FALSE STATEMENTS. Any warranty, representation or statement made or
furnished to Lender by Borrower or on Borrower's behalf under this
Agreement or the Related Documents is false or misleading in any material
respect, either now or at the time made or furnished or becomes false or
misleading at any time thereafter.
INSOLVENCY. The dissolution or termination of Borrower's existence as a
going business, the insolvency of Borrower, the appointment of a receiver
for any part of Borrower's property, any assignment for the benefit of
creditors, any type of creditor workout, or the commencement of any
proceeding under any bankruptcy or insolvency laws by or against Borrower.
CREDITOR OR FORFEITURE PROCEEDINGS. Commencement of foreclosure or
forfeiture proceedings, whether by judicial proceeding, self-help,
repossession or any other method, by any creditor of Borrower or by any
governmental agency against any collateral securing the Indebtedness. This
includes a garnishment of any of Borrower's accounts, including deposit
accounts, with Lender. However, this Event of Default shall not apply if
there is a good faith dispute by Borrower as to the validity or
reasonableness of the claim which is the basis of the creditor of
forfeiture proceeding and if Borrower gives Lender written notice of the
creditor or forfeiture proceeding and deposits with Lender monies or a
surety bond for the creditor or forfeiture proceeding, in an amount
determined by Lender, in its sole discretion, as being an adequate reserve
or bond for the dispute.
EVENTS AFFECTING GUARANTOR. Any of the preceding events occurs with
respect to any guarantor, endorser, surety, or accommodation party of any
of the Indebtedness or any guarantor, endorser, surety, or accommodation
party dies or becomes incompetent, or revokes or disputes the validity of,
or liability under, any Guaranty of the Indebtedness evidenced by this
Note. In the event of a death, Lender, at its option, may, but shall not
be required to, permit the guarantor's estate to assume unconditionally
the obligations arising under the guaranty in a manner satisfactory to
Lender, and, in doing so, cure any Event of Default.

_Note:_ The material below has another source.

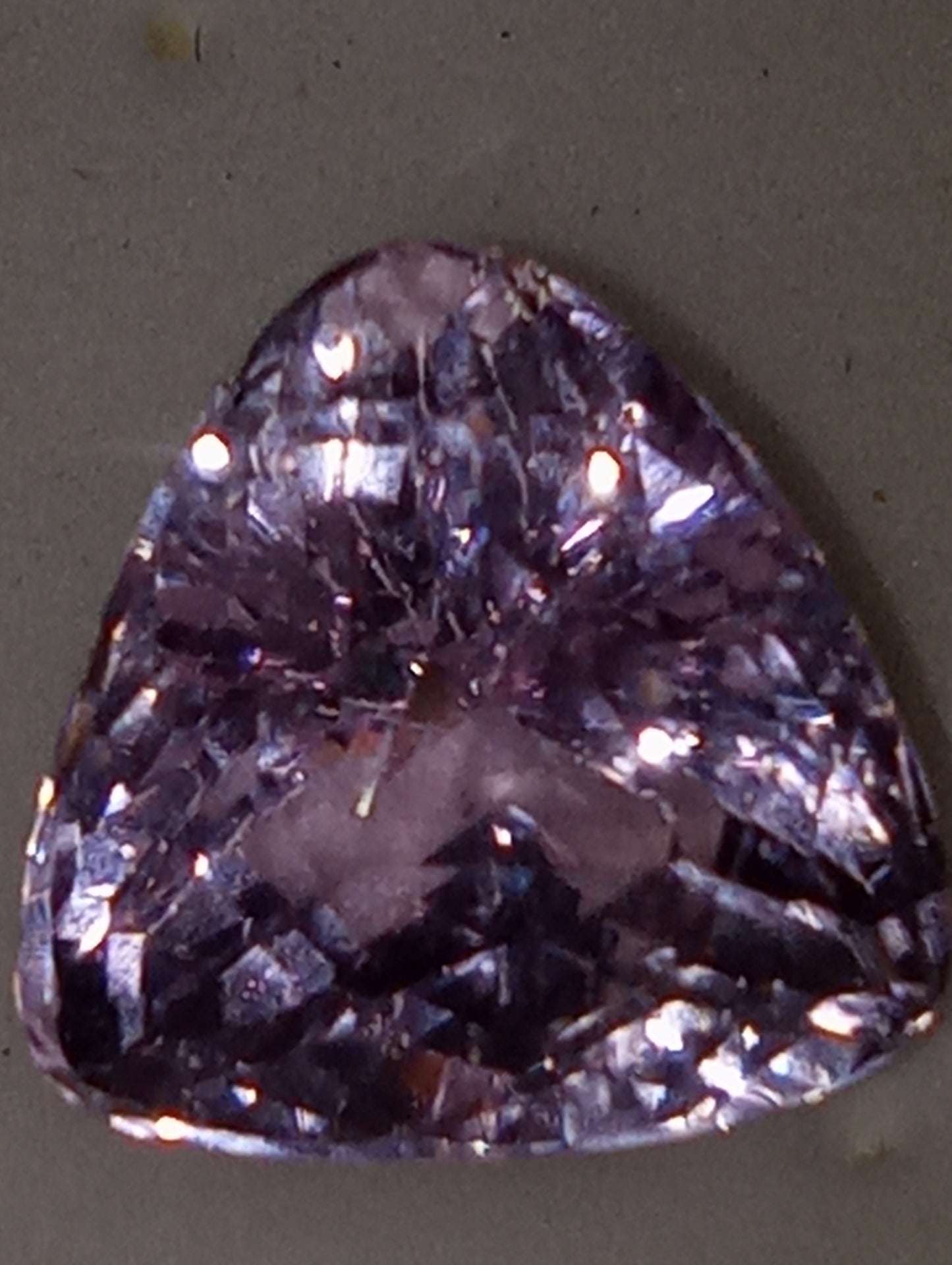 kunzite gemstone trillion cut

CHANGE IN OWNERSHIP. Any change in ownership of twenty-five percent (25%)
or more of the common stock of Borrower.
ADVERSE CHANGE. A material adverse change occurs in Borrower's financial
condition, or Lender believes the prospect of payment or performance of
the Indebtedness is impaired.
INSECURITY. Lender in good faith believes itself insecure.
CHANGE IN TERMS AGREEMENT
(Continued)
LOAN NO : 70000105 PAGE 2
CURE PROVISIONS. If any default, other than a default in payment is
curable and if Borrower has not been given a notice of a breach of the
same provision of this Agreement within the preceding twelve (12) months,
it may be cured if Borrower, after receiving written notice from Lender
demanding cure of such default: (1) cures the default within fifteen (15)

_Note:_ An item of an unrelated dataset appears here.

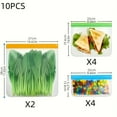 thumbnail image 1 of HLONK 3/8/10/12 Pack Reusable Gallon Freezer Bags Dishwasher Safe  BPA Free Reusable 1 Gallon Bags Silicone  Leakproof Reusable Storage Bags For Marinate Meats  Cereal  Vegetables  Home O, 1 of 7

days; or (2) if the cure requires more than fifteen (15) days, immediately
initiates steps which Lender deems in Lender's sole discretion to be
sufficient to cure the default and thereafter continues and completes all
reasonable and necessary steps sufficient to produce compliance as soon as
reasonably practical.
LENDER'S RIGHTS. Upon default, Lender may declare the entire unpaid principal
balance on this Agreement and all accrued unpaid interest immediately due, and
then Borrower will pay that amount.
ATTORNEYS' FEES; EXPENSES. Lender may hire or pay someone else to help collect
this Agreement if Borrower does not pay. Borrower will pay Lender that amount.
This includes, subject to any limits under applicable law, Lender's attorneys'
fees and Lender's legal expenses, whether or not there is a lawsuit, including
attorneys' fees, expenses for bankruptcy proceedings (including efforts to
modify or vacate any automatic stay or injunction), and appeals. However,
Borrower will only pay attorneys' fees of an attorney not Lender's salaried
employee, to whom the matter is referred after Borrower's default. If not
prohibited by applicable law, Borrower also will pay any court costs, in
addition to all other sums provided by law.

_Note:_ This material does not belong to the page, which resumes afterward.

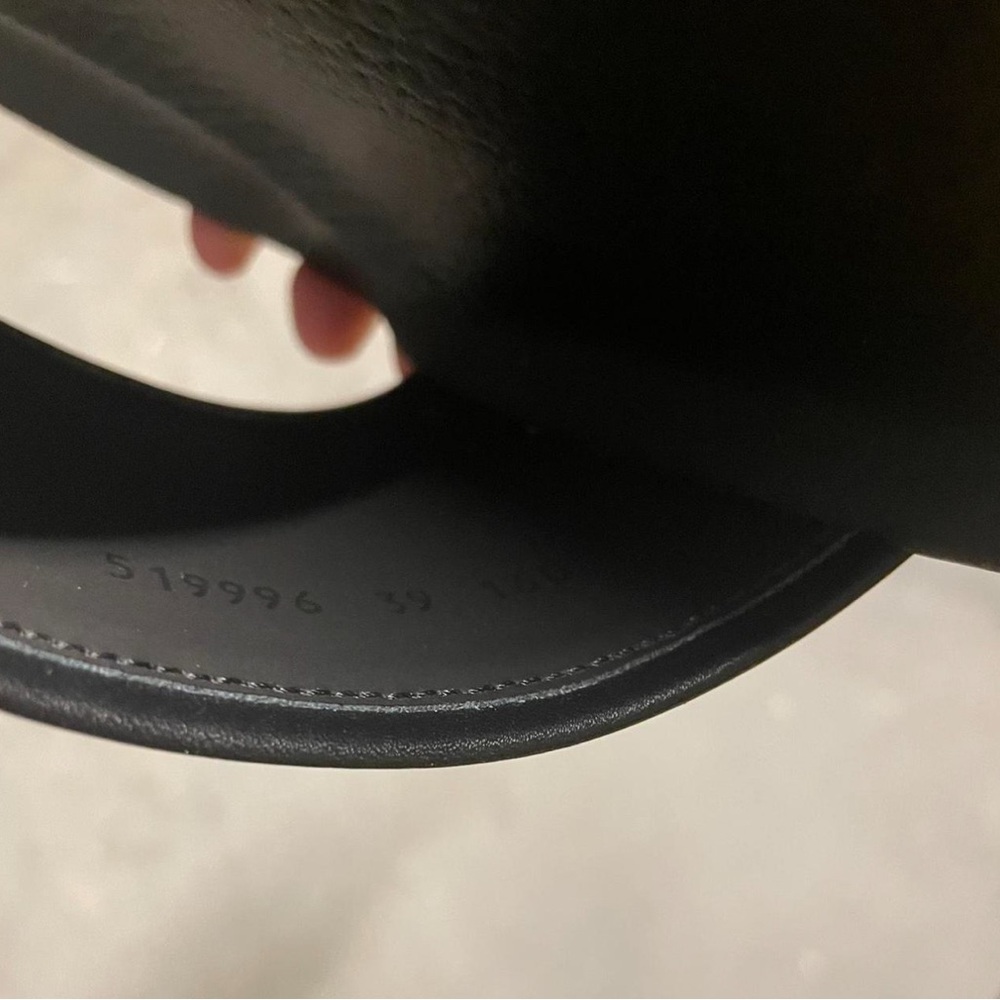 Gucci Black and Gold Star Pattern Men's Slides - Picture 5 of 7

JURY WAIVER. Lender and Borrower hereby waive the right to any jury trial in any
action, proceeding, or counterclaim brought by either Lender or Borrower against
the other.
GOVERNING LAW. This Agreement will be governed by federal law applicable to
Lender and, to the extent not preempted by federal law, the laws of the State of
Arizona without regard to its conflicts of law provisions. This Agreement has
been accepted by Lender in the State of Arizona.
CHOICE OF VENUE. If there is a lawsuit, Borrower agrees upon Lender's request to
submit to the jurisdiction of the courts of MARICOPA County, State of Arizona.
DISHONORED ITEM FEE. Borrower will pay a fee to Lender of $25.00 if Borrower
makes a payment on Borrower's loan and the check or preauthorized charge with
which Borrower pays is later dishonored.
RIGHT OF SETOFF. To the extent permitted by applicable law, Lender reserves a
right of setoff in all Borrower's accounts with Lender (whether checking,
savings, or some other account). This includes all accounts Borrower holds
jointly with someone else and all accounts Borrower may open in the future.
However, this does not include any XXX or Xxxxx accounts, or any trust accounts
for which setoff would be prohibited by law. Borrower authorizes Lender, to the
extent permitted by applicable law, to charge or setoff all sums owing on the
indebtedness against any and all such accounts, and, at Lender's option, to
administratively freeze all such accounts to allow Lender to protect Lender's
charge and setoff rights provided in this paragraph.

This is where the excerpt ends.